AVAILABLE RECORDS ->
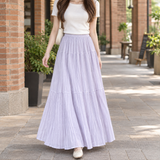 Ilaria Pleated Maxi Skirt - Purple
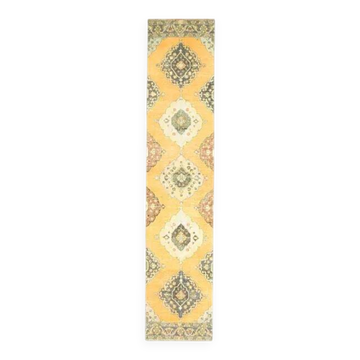 1970s Turkish Oushak Handmade Wool Cotton Orange Runner 98x171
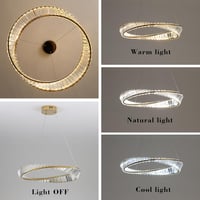 minifair Arany Gyűrű Alakú LED Csillár - 40 cm Modern Dimmelhető Kristály Lámpa Nappaliba, Hálószobába, Étkezőbe, Irodába, Érintésvezérlésse 3
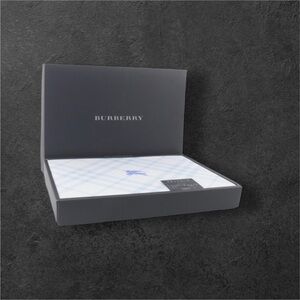 Burberry NIB Blue Nova Check Plaid Flat Sheet 55in x 95in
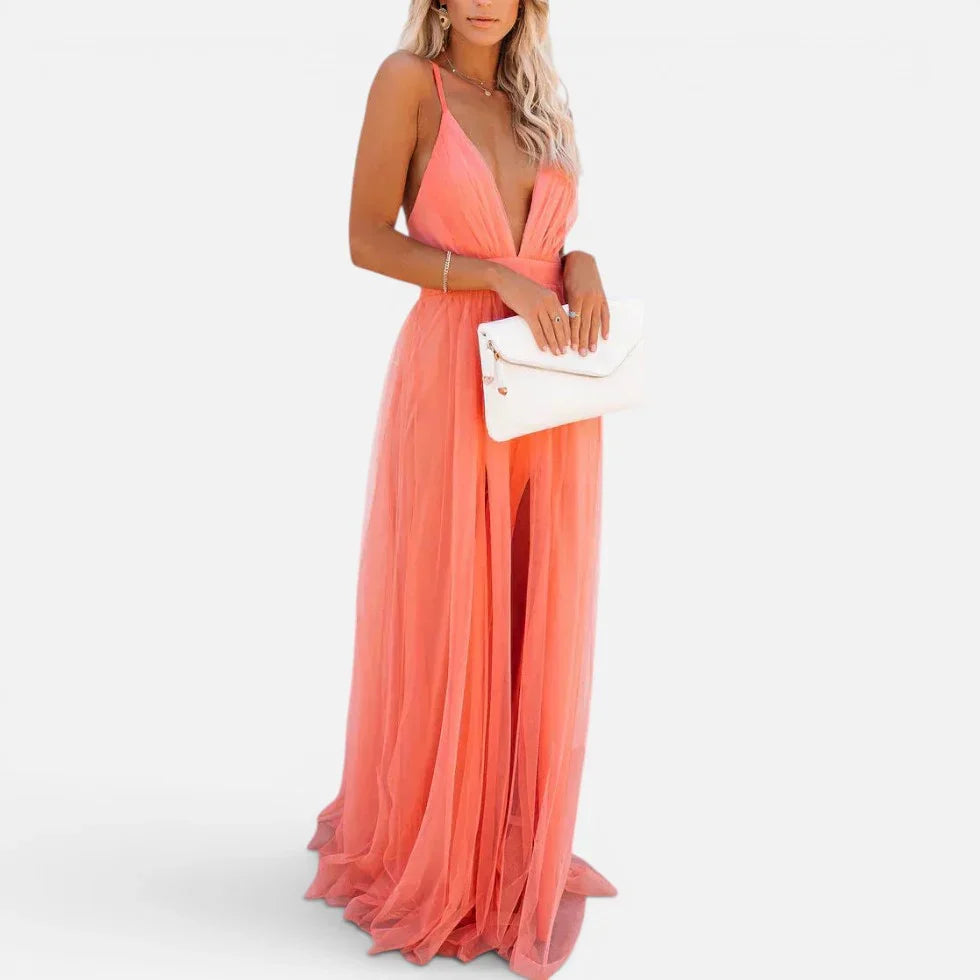 Maxikleid Tiefem V Ausschnitt Ärmellos Tailliert Chiffonoptik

HOW TO COMPLETE THIS TASK ->
Omit the pictures and give the material again, exactly and in full.

WRITTEN ANSWER ->
 Ilaria Pleated Maxi Skirt - Purple
 1970s Turkish Oushak Handmade Wool Cotton Orange Runner 98x171
 minifair Arany Gyűrű Alakú LED Csillár - 40 cm Modern Dimmelhető Kristály Lámpa Nappaliba, Hálószobába, Étkezőbe, Irodába, Érintésvezérlésse 3
 Burberry NIB Blue Nova Check Plaid Flat Sheet 55in x 95in
 Maxikleid Tiefem V Ausschnitt Ärmellos Tailliert Chiffonoptik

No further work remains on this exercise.